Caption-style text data
=====

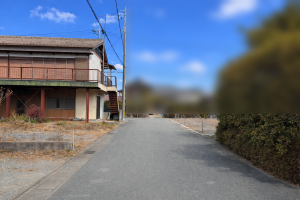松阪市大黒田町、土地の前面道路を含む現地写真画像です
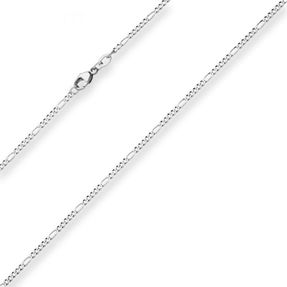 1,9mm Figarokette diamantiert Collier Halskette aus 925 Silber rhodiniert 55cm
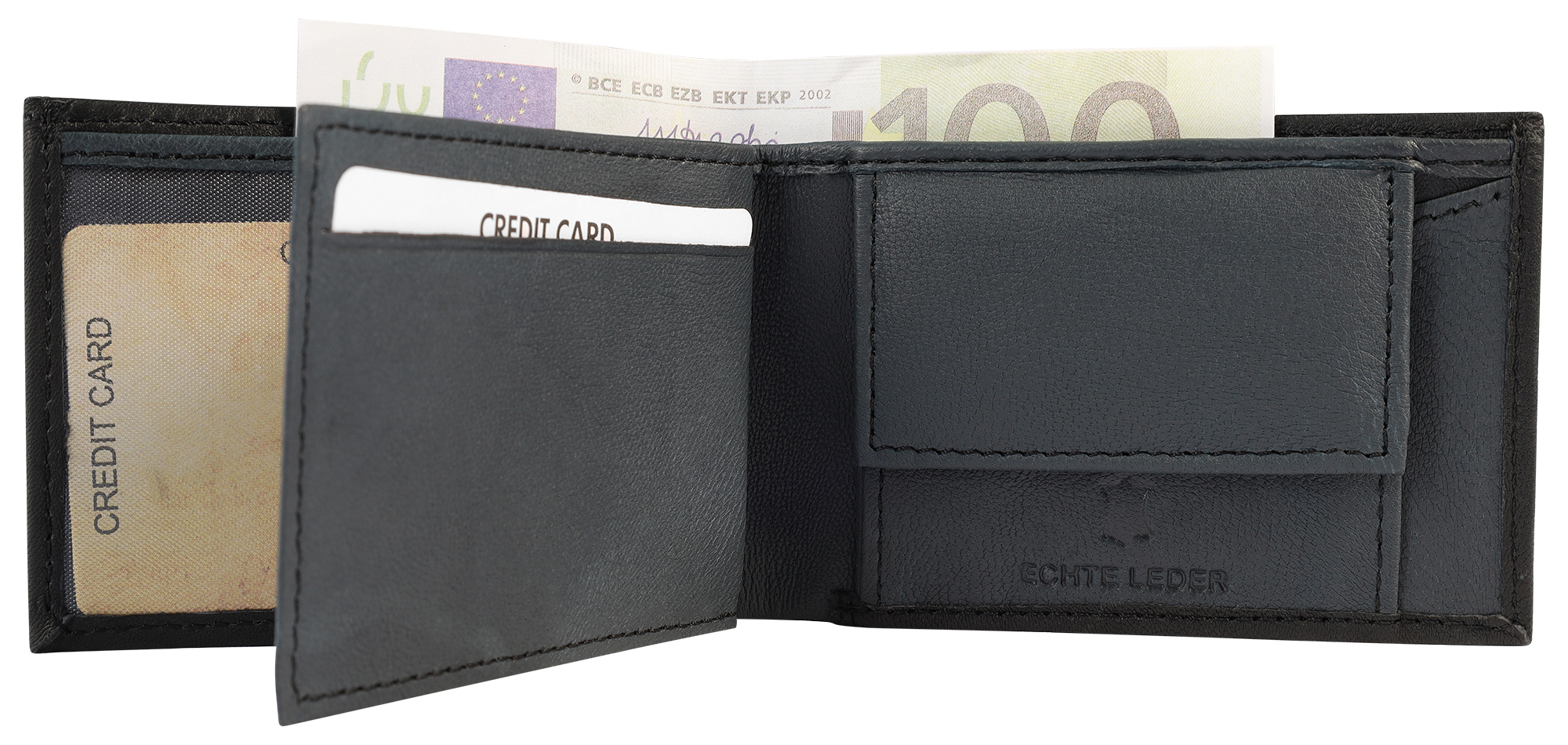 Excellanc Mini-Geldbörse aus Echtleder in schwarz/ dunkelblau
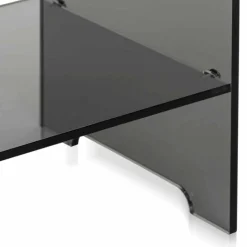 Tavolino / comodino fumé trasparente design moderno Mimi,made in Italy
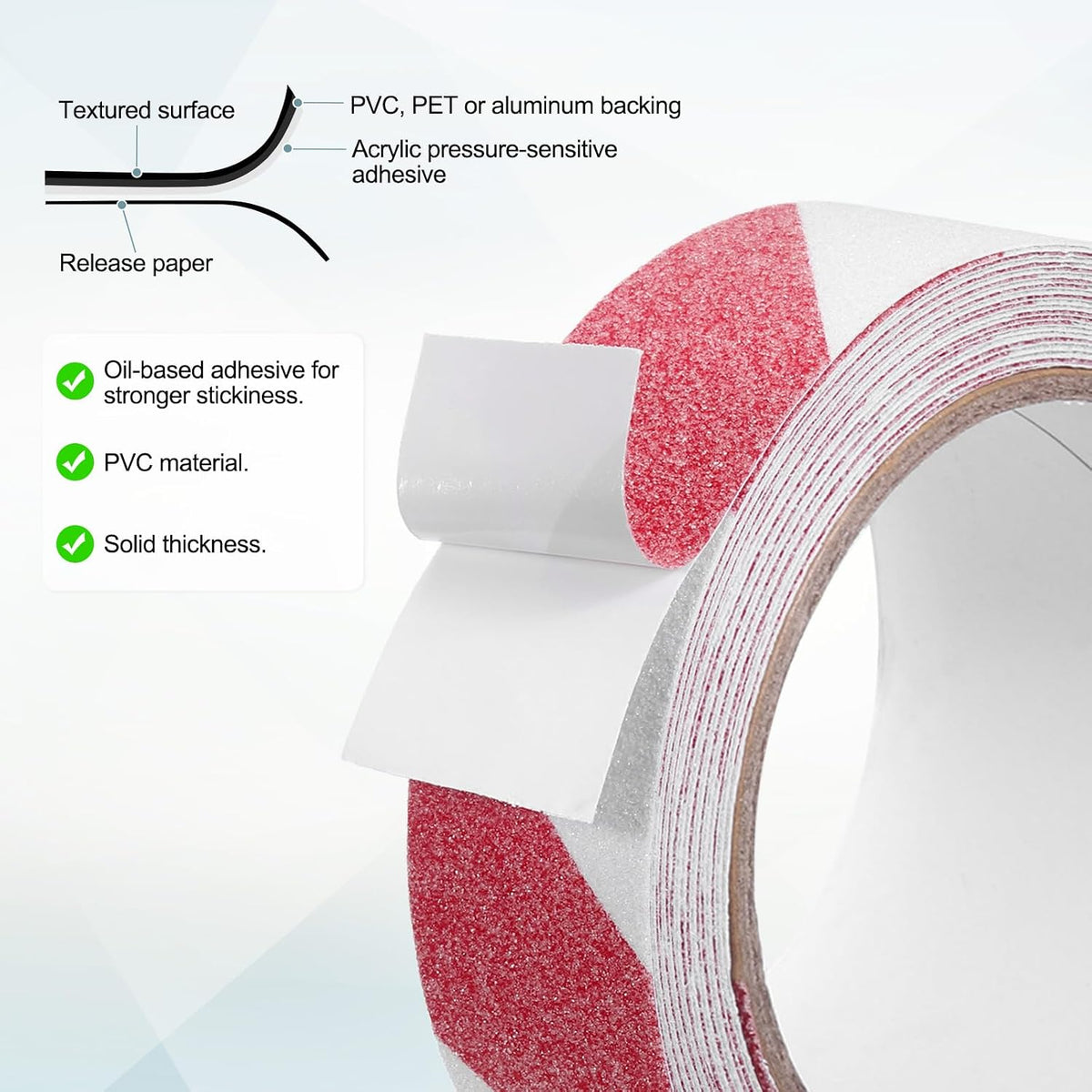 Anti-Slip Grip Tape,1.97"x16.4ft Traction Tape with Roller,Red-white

=====

▶ [Task to complete]: What you set down should be exactly the lines from the line containing "Excellanc Mini-Geldbörse aus" to the last line of the entries above, both included, with no pictures.

▶ [Output of the task]:
 Excellanc Mini-Geldbörse aus Echtleder in schwarz/ dunkelblau
 Tavolino / comodino fumé trasparente design moderno Mimi,made in Italy
 Anti-Slip Grip Tape,1.97"x16.4ft Traction Tape with Roller,Red-white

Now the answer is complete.